Despite these obvious benefits, cassettes lack random access (the ability to play selections in a desired order) and are prone to their to their own forms of distortion and lack of fidelity. In the late 1980s and early 1990, the digital compact disc (CD) did deliver the mortal blow. With the CD providing both random access and a level of quality close to the limits of the human auditory system, the phonograph record entered the stage of obsolescence in the first half of the 1990s. Although still produced in small quantities, the technology that Edison gave birth to more than a century ago is now approaching antiquity.

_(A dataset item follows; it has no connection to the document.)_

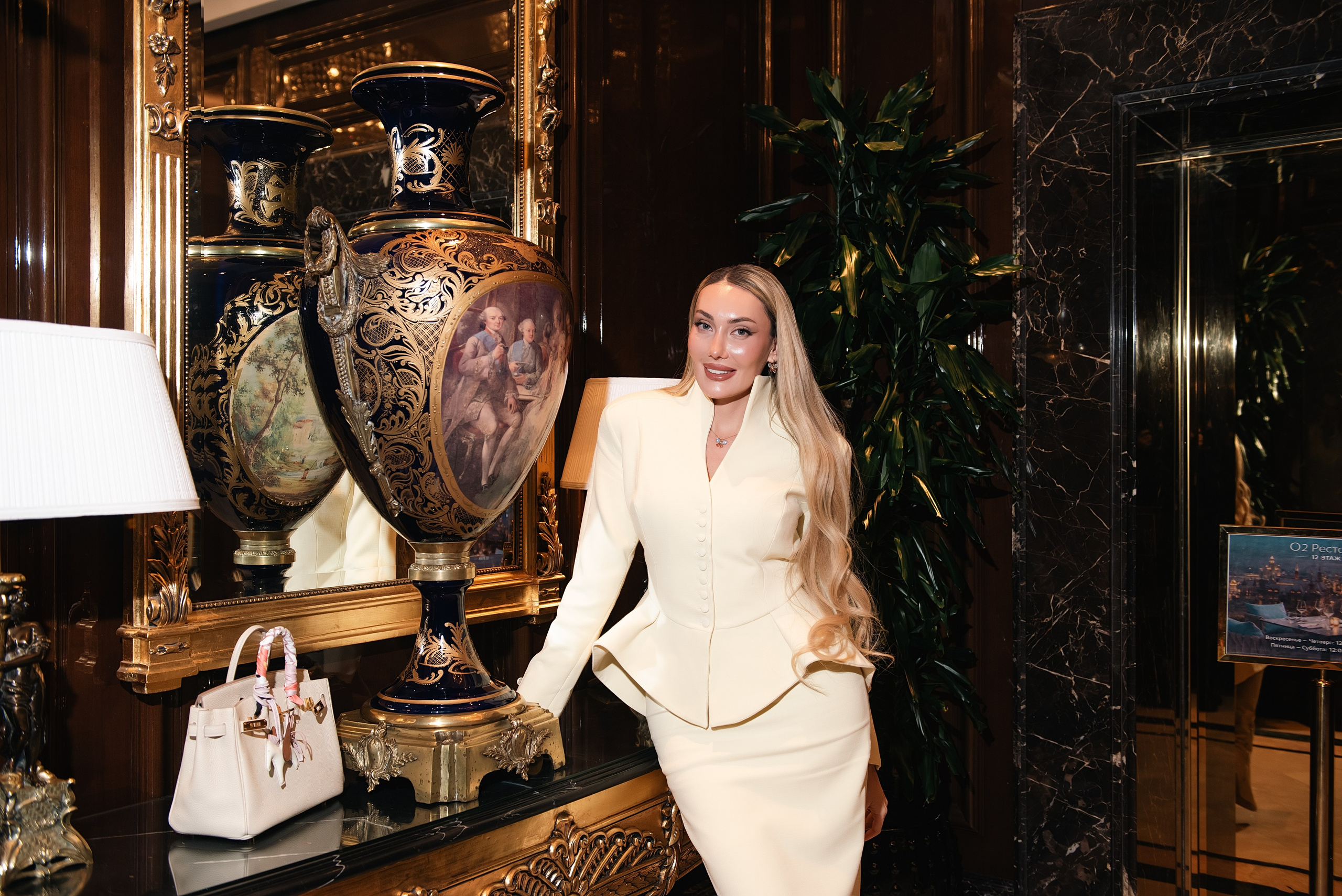 Блогеры, предприниматели. Фотограф, визажист. Москва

Another example is the print book, a rather mature technojbgy tpday. It is now in the stage of the pretenders, with the software-based “virtual” book as the pretender. Lacking the resolution, contrast, lack of flicker, and other visual qualities of paper and ink, the current generation of virtual book does not have the capability of displacing paper-based publications. Yet this victory of the paper-based book will be short-lived as future generations of computer displays succeed in providing a fully satisfactory alternative to paper.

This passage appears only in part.